• WHAT NEEDS TO BE DONE:
Each line of the records below needs repeating exactly. Skip the pictures.
[DATA Boundary: Start]
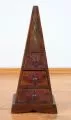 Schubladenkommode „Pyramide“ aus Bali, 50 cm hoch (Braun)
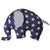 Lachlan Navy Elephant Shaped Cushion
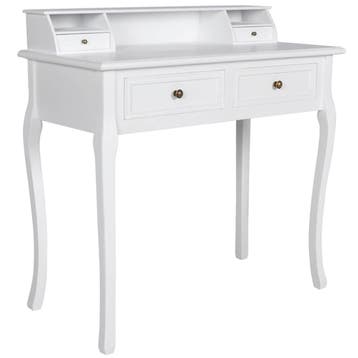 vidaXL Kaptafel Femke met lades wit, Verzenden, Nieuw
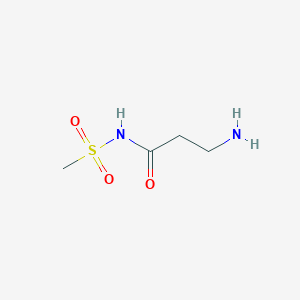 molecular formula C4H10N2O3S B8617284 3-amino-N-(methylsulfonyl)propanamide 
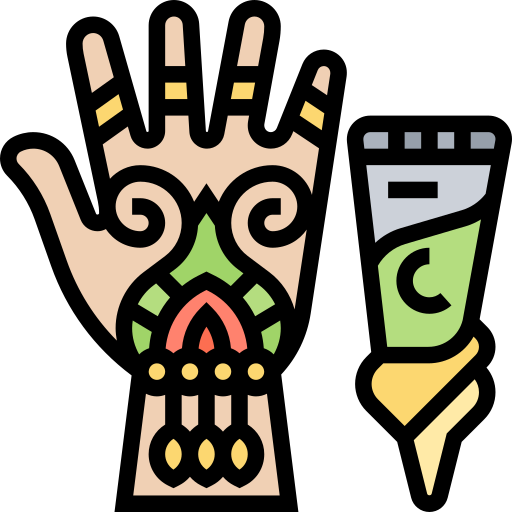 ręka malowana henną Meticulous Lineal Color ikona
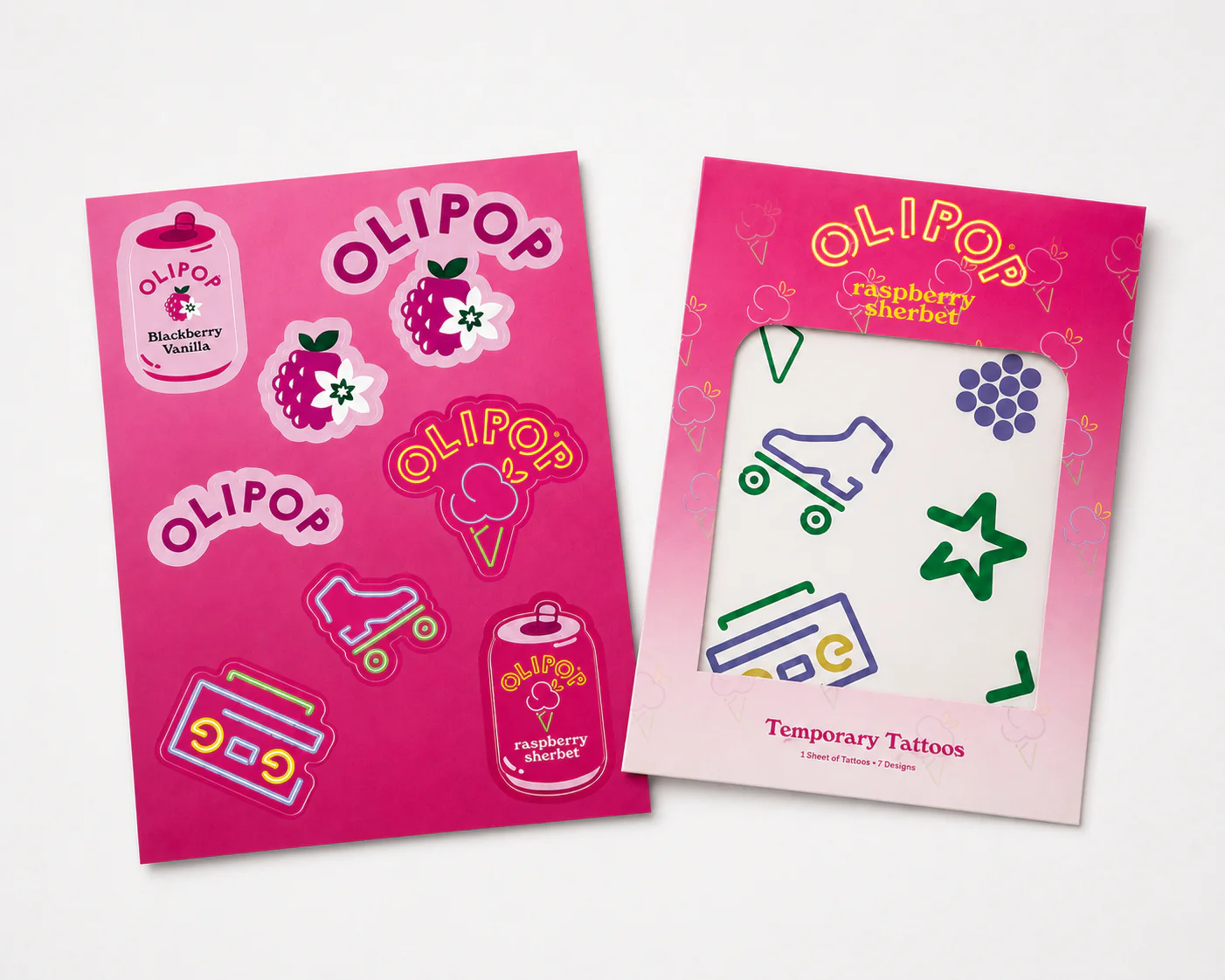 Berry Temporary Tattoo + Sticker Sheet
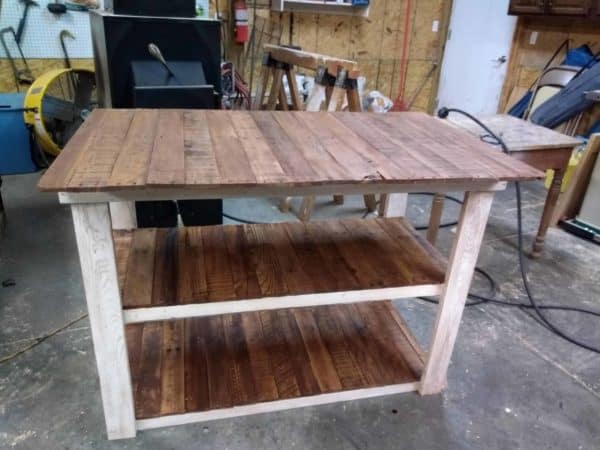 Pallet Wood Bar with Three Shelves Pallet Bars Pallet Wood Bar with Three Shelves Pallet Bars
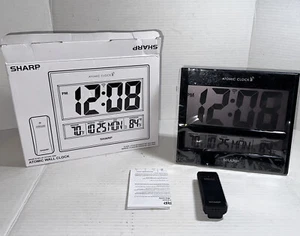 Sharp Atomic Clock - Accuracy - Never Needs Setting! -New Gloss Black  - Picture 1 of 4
[DATA Boundary: End]
• TASK RESULT:
 Schubladenkommode „Pyramide“ aus Bali, 50 cm hoch (Braun)
 Lachlan Navy Elephant Shaped Cushion
 vidaXL Kaptafel Femke met lades wit, Verzenden, Nieuw
 molecular formula C4H10N2O3S B8617284 3-amino-N-(methylsulfonyl)propanamide 
 ręka malowana henną Meticulous Lineal Color ikona
 Berry Temporary Tattoo + Sticker Sheet
 Pallet Wood Bar with Three Shelves Pallet Bars Pallet Wood Bar with Three Shelves Pallet Bars
 Sharp Atomic Clock - Accuracy - Never Needs Setting! -New Gloss Black  - Picture 1 of 4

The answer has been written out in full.